You could argue though that the same person using a more conventional grip might have the opposite problem and not be able to square the clubface up at impact and therefore lose shots out to the right. You pays your money and takes your choice.


----------



## thecraw (Feb 13, 2013)

Baseball grip has done me fine. Not a great golfer but I'm single figures anwd its the most natural way to me to hold a club. It was good enough for Ronan Rafferty!


----------



## JustOne (Feb 13, 2013)

If that's all you can do then don't worry about it. I would say that you still want to have your hands pretty tight together though so the hands are working together as 'one unit' so to speak, so provided they fit snug together (no separation) then no worries.

I wouldn't have thought an overlap grip would prove to be much different although I can understand why you wouldn't want to use an interlocking grip.


----------



## El Bandito (Feb 13, 2013)

Certainly not an expert! The guy that first taught me used a baseball grip - and he could certainly play. If that is the most comfortable for you, then go for it. I think as long you can get a decent amount of wrist break - then it works fine.


----------



## Paul cobbler (Feb 13, 2013)

Cheers guys , just wondered any high profile players over the years used this method, did try the overlap but my right hand being the stronger took some control out of shots . Cheers Paul


----------



## SocketRocket (Feb 13, 2013)

Welcome to the Forum.

Moe Norman hit the ball pretty well with that grip, probably the best striker of the ball ever.
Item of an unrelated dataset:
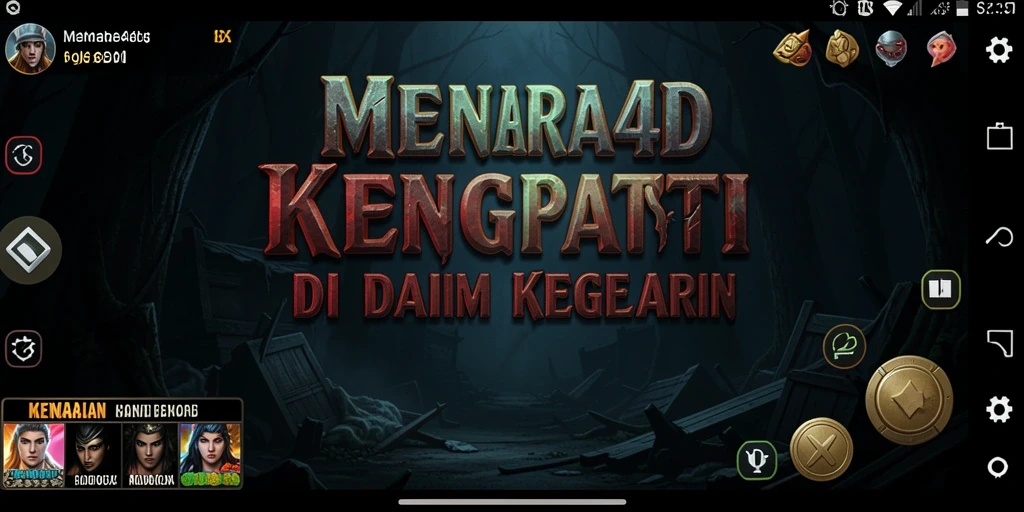 Tampilan gameplay MENARA4D yang menyeramkan dan mencekam.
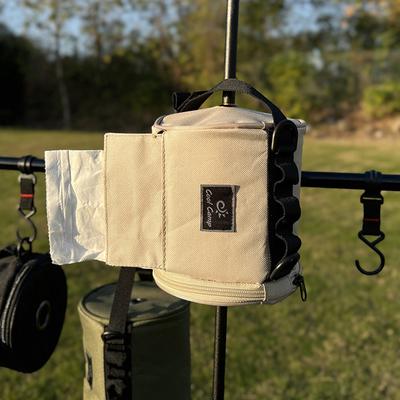 Portable Outdoor Camping Tissue Case with Hook Roll Paper Storage Bag Hanging Napkin Holder for Picnic Hiking Camping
If you have arthritis in your fingers you may find thicker grips on the club will feel more comfortable.


----------



## Moquillo19 (Feb 13, 2013)

Baseball grip all the way for me too. I've tried the others and just don't feel comfortable!! I even putt with the same grip! We all have good and bad days being amateurs so stick with what feels right for right for you (I'd say in my totally unqualified opinion). Doesn't that Tommy "Two Gloves"on the PGA use the baseball grip too?


----------



## Foxholer (Feb 13, 2013)

There's also a few pretty good cack-handed grippers!

I got down to 14, about a dozen years ago, with a baseball grip - as an ex hockey player, it just felt easier.

Only took a week or so to change once I'd committed to a 'golf' swing though. Indeed, Baseball tends to allow the right hand/arm to dominate but, if you can control that, fine. Can be a more powerful swing.


----------



## Moquillo19 (Feb 13, 2013)

Foxholer said:



			Indeed, Baseball tends to allow the right hand/arm to dominate but, if you can control that, fine. Can be a more powerful swing.
		
Click to expand...

I agree with this. As a right hander I try to play golf with my left side feeling as though it's doing the work. My right hand is only for guidance and at the last moment for powering through the release. I know instantly when I hit a bad shot as I can tell my right hand has taken over at the begining of the downswing instead of pulling down with the left. As foxholer says . . . control that and your laughing!:thup:


----------



## thecraw (Feb 13, 2013)

Its also good enough for Jon Vegas. Lovely golf swing.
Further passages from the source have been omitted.